Random thoughts while reading Sylvia Plath's The Bell Jar
So... I am reading this because once upon a time dreamsaremadeof told me that when she reads my blog she remembers her favourite poet Sylvia Plath. I always liked those kind of compliments, you know. When someone tells you, you writing reminds them of their favourite author because it means your writing echoes something that they have responded to. This is how I discovered Lana del Rey as well. Someone told me that del Rey was her go to ambient music when she is reading my stories.
But anywho, I am not big on poetry as I have a short attention span and my mind is just all bells and whistles and a lot of whizzing through thoughts, so yeah poetry just isn't the best medium for me. Though I do like "The Love Song of J Alfred Prufrock" and "Childe Rolande to the Dark Tower Came" and Paradise Lost, but with my deteriorating focus, I have been quite averse to them lately. But since dreamsaremadeof mentioned Sylvia Plath, I kind of wanted to dip into her mind stream and encountered this quotation:
“I have the choice of being constantly active and happy or introspectively passive and sad. Or I can go mad by ricocheting in between.
which as someone who has been suffering from being bipolar just, you know, I don't even know the how to say it, not respond to, something definitely deeper, maybe somehow understand. It's sad, of course, that Plath felt that she had a choice, back in the day, where mental illness is so obscure, you know. Which is why, I think, she ended up killing herself.
But that mental unhealth kinhood aside, I decided to pick up The Bell Jar because a) it's a novel, b) it's about insanity. I came into reading this book with a lot of expectations, because this is well celebrated and she is one of the very few literary female figureheads for even today. I should say I am only at page 28 and it's almost too beautiful and painful to read, because... it's like reading something I know, like a forgotten journal or something.

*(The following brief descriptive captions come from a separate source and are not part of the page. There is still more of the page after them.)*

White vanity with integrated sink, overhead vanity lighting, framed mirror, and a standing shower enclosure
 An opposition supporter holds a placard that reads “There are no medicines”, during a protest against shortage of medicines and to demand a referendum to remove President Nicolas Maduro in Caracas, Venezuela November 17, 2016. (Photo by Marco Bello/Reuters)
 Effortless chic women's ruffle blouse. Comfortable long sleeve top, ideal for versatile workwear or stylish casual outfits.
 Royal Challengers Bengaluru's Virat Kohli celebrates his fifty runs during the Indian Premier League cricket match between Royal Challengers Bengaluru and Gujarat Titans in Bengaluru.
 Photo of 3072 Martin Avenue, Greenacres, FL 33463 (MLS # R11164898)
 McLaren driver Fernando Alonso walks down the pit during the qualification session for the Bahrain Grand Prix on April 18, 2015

Of course I have never lived large in New York, but her short sentiments like the love of scalding baths and memorizing the water stained ceilings and the world looking like a life-like poster that was dead to you... I just... it's my head split open and the contents spilled like unfurling ribbons. Oh god. I think she writes so beautifully, but also messily, and yes, breath-taking... and one moment where she was eating as much caviar as she can keep her friends away from I was laughing and then I cried at the hopelessness of success.
I am actually scared to continue, since Esther Greenwood would go mad and perhaps never return, and her train of thought is just in the same direction as where mine is headed. I wonder though, sometimes, if it would be better to be locked up and stop living, you know, because sometimes every breath feels like a struggle and I think The Bell Jar is a pretty dangerous book that I am compelled to read. Oh well.